Les volcans actifs au magma riche en silice, typiques des zones de subduction, présentent souvent une activité périodique. A la Soufrière Hills (Montserrat) comme au Mont Pinatubo (Philippines) ou au volcan Sakurajima (Japon) des cycles périodiques de déformation du sol et de sismicité, accompagnés de dégazage et d’activité éruptive, ont été enregistrés. Par exemple, à Montserrat, en 1996-1997, des épisodes récurrents de bombement (inflation) et de déflation de l’édifice avec des périodes de 6 à 30h étaient accompagnés par des essaims sismiques. Le pic du cycle de déformation et de sismicité correspondait à des épisodes éruptifs importants comme des écoulements pyroclastiques, des éruptions vulcaniennes ou des épisodes de croissance rapide du dôme. A Sakurajima, des explosions vulcaniennes répétitives avec des périodes de quelques heures sont aussi associées à une inflation préliminaire de l’édifice et de la sismicité. Ainsi, les observations de cycles de déformation et de dégazage sont d’une importance cruciale pour prédire une éruption.

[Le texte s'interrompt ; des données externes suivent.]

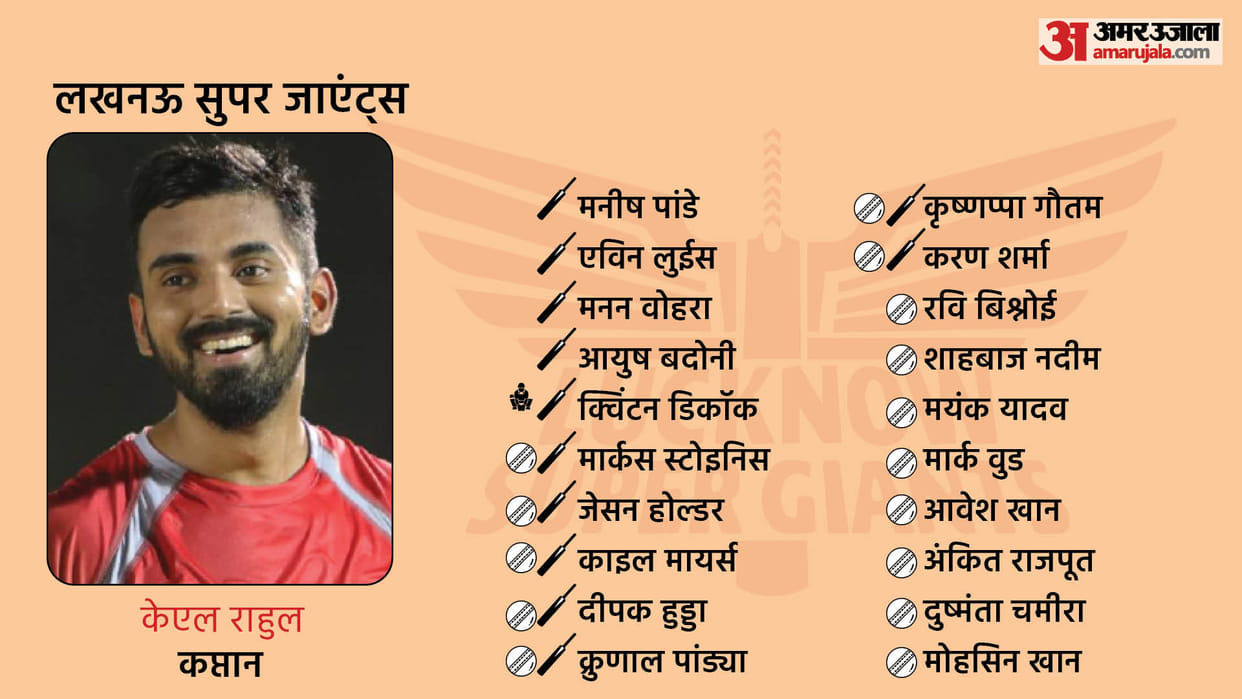 IPL 2022 SWOT Analysis Of Lucknow Super Giants (LSG) Strength, Weaknesses, Opportunities And Threats Indian Premier League 2022 Latest News Amar Ujala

Cependant, l’origine de ce comportement périodique reste floue. Si les changements abrupts du taux d’éruption sont bien expliqués par le fait qu’un bouchon de magma dense et rigide obstrue le haut du conduit volcanique, puis glisse sur les parois du conduit, lors de sa mise sous pression, l’origine de cette mise sous pression périodique reste inconnue.
La lave qui pénètre dans le conduit et débute son ascension est un mélange de magma et de gaz. C’est sur la physique de ce problème très particulier d’écoulement à deux phases (magma et gaz) que se sont penchés les auteurs de l’article. Par décompression et du fait de sa faible densité, le gaz a tendance à se détendre, se séparer du magma et remonter plus vite que celui-ci dans le conduit. Le gaz, plus léger que le magma, s'élève plus vite. C’est en somme ce qui se passe en ouvrant une bouteille de champagne.
Mais pour laisser passer le gaz, le magma se déforme et se compacte. Ce faisant, il le comprime. S’instaure alors une compétition entre compression du gaz par compaction du magma et expansion du gaz contenu dans le magma par ascension-décompression au sein du conduit.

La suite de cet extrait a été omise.